BEST LED Torches

Ledlenser MT10

This stupendously bright 1,000-lumen pocket model ticks every box and then some. Most contemporary LED flashlights come with a variety of flashing modes that get in the way of everyday use. By contrast, this one defaults to the function that matters most: beam strength. Turn it on and each tap of the robust thumb button makes the beam gradually soften from ultra bright to dim – a really classy touch that suggests a lot of thought went into its design. However, because the torch is customizable, users can easily reverse the process so that the torch starts on a low beam instead. There’s a strobe function, too, but, given that it’ll hardly ever be used, it’s hidden away under a different custom mode.

 

However the best thing about this flashlight is that it comes with a multiple focus beam that’s easily adjusted by sliding the front barrel forwards or backwards.
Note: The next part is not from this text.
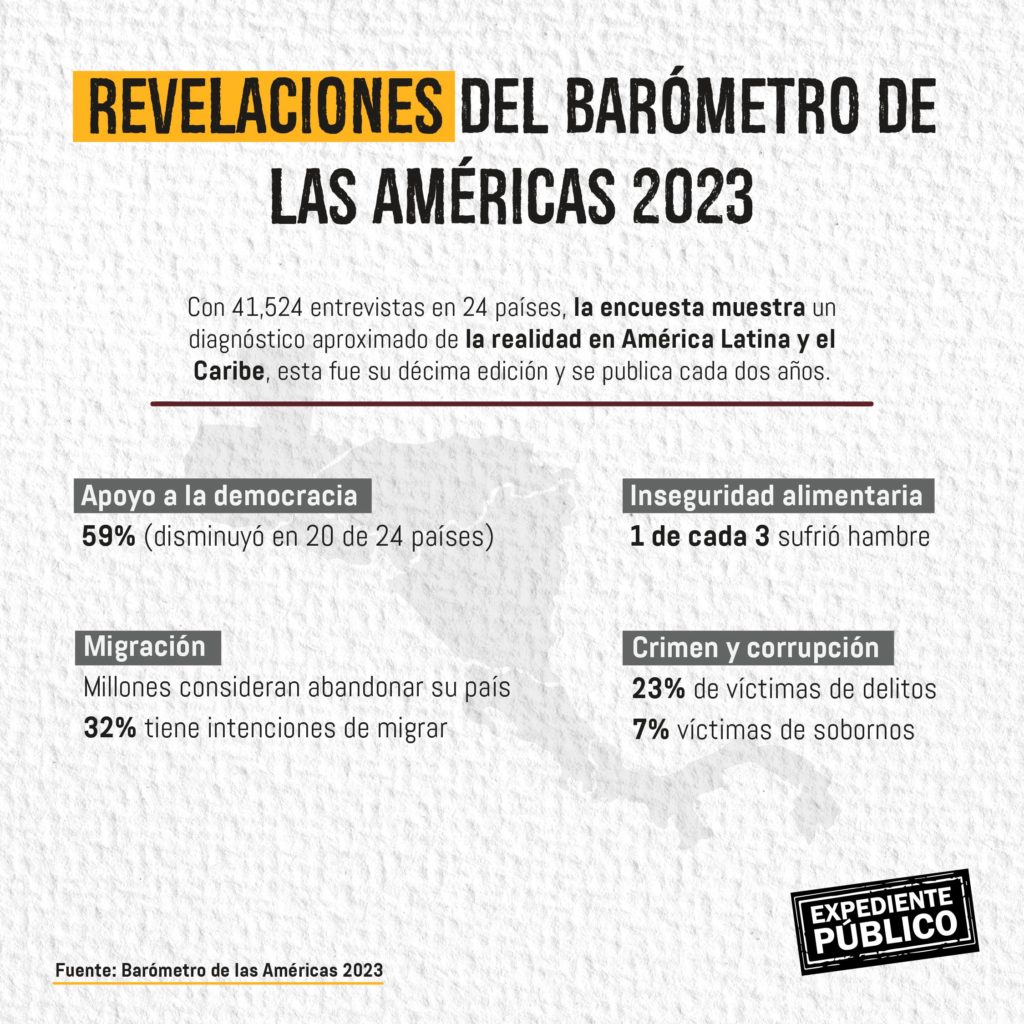 ¿Por qué disminuye el apoyo a la democracia en América Latina?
This means you can opt for a super wide soft-focus beam for general see-where-you’re-going use, a sharp outrageously bright beam for highlighting distant subjects up to 180 metres away and anything in between.

 

The splash-proof MT10 measures just 12.8cm in length and uses a single Xtreme LED that burns for a gobsmacking six hours on full beam and an even more impressive 144 hours on low beam. To charge, just plug it into the nearest USB 3.0 power source; it even comes with a useful battery indicator.

 

Although this flashlight will easily fit inside a small jacket pocket, the good eggs at Ledlenser have seen fit to include a natty integrated belt clip and even a separate nylon hip case. If you’re looking for a torch with superb versatility then be sure to place this matchless model right at the top of your list.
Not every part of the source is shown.